Sementara itu, Dekan Fakultas Hukum Universitas Indonesia (FH UI) Parulian Paidi Aritonang berharap pemerintah dapat mewadahi kepentingan yang lebih luas terkait aturan CCS guna menangkap peluang ekonomi, terutama pada sektor ketenagalistrikan.
Indonesia lanjutnya, sedang menghadali tantangan memenuhi permintaan listrik dan mengurangi jejak karbon, seraya menjaga harga listrik tetap terjangkau.
“Indonesia menghadapi tantangan besar dalam memenuhi permintaan listrik yang terus meningkat sambil mengurangi jejak karbon. Pemerintah juga harus menjaga agar harga listrik tetap terjangkau bagi konsumen dan dunia usaha,” kata Parulian.
Menurut Parulian, teknologi CCS memiliki potensi tidak hanya untuk menyimpan emisi karbon dari pembangkit listrik tetapi juga untuk mendukung percepatan transisi energi di Tanah Air.
“Saya berharap FGD ini dapat menghasilkan kajian kelayakan, potensi manfaat, tantangan, serta bagaimana teknologi ini dapat membantu meminimalkan risiko kenaikan tarif listrik yang penting bagi perekonomian masyarakat," ucapnya.
Diketahui, saat ini belum ada landasan hukum khusus yang mengatur mekanisme pelaksanaan CCS di sektor ketenagalistrikan.
Peraturan yang ada, seperti Perpres Nomor 14/2024 hanya mengatur skema penyelenggaraan CCS di sektor hulu. Oleh karena itu, diperlukan regulasi khusus untuk penanganan emisi CO2 dengan pemanfaatan teknologi CCS di sektor ketenagalistrikan agar tidak berdampak pada peningkatan BPP.
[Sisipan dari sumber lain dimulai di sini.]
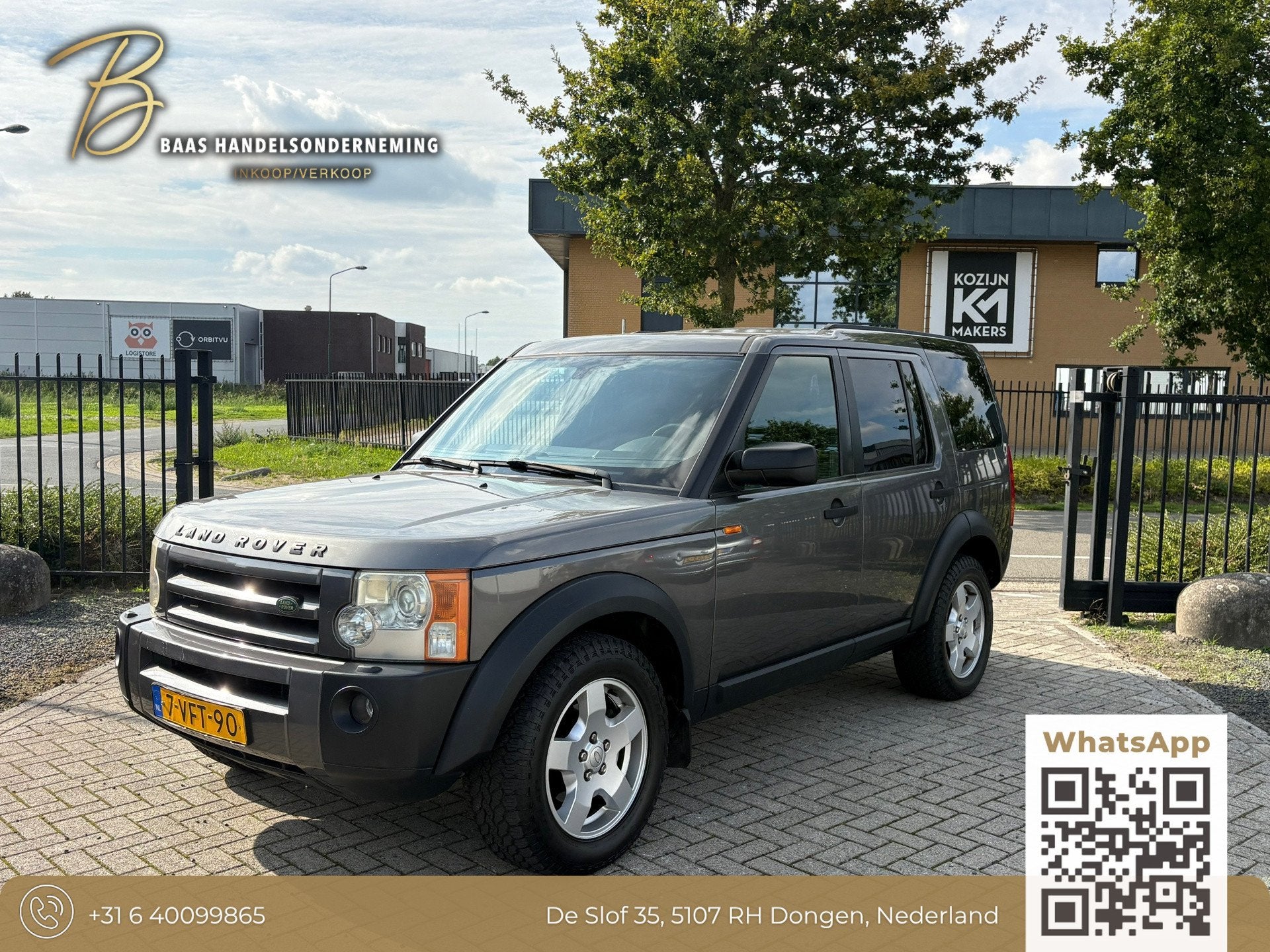 Land Rover Discovery 2.7 TdV6 | Grijskenteken | Climate | 4X, Auto's, Zwart, 190 pk, 2420 kg, Bedrijf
Menanggapi hal ini, Nurlely Aman Senior Executive Vice President Hukum, Kebijakan, dan Kepatuhan PT PLN (Persero) menyampaikan komitmen PLN untuk mendukung penerapan teknologi CCS di sektor ketenagalistrikan Indonesia.
Namun, ia mengingatkan perlunya memperhatikan implikasi finansial bagi pihak yang bukan pengelola minyak dan gas.
Baca juga: Bank Mandiri Wujudkan Komitmen untuk Mengurangi Emisi Karbon melalui MJM 2024
Menurutnya, monetisasi depleted well/reservoir yang tidak dimanfaatkan harus dioptimalkan dan regulasi terkait CCS harus ditempatkan dengan tepat, apakah sebagai instrumen penurunan emisi atau tambahan pendapatan negara.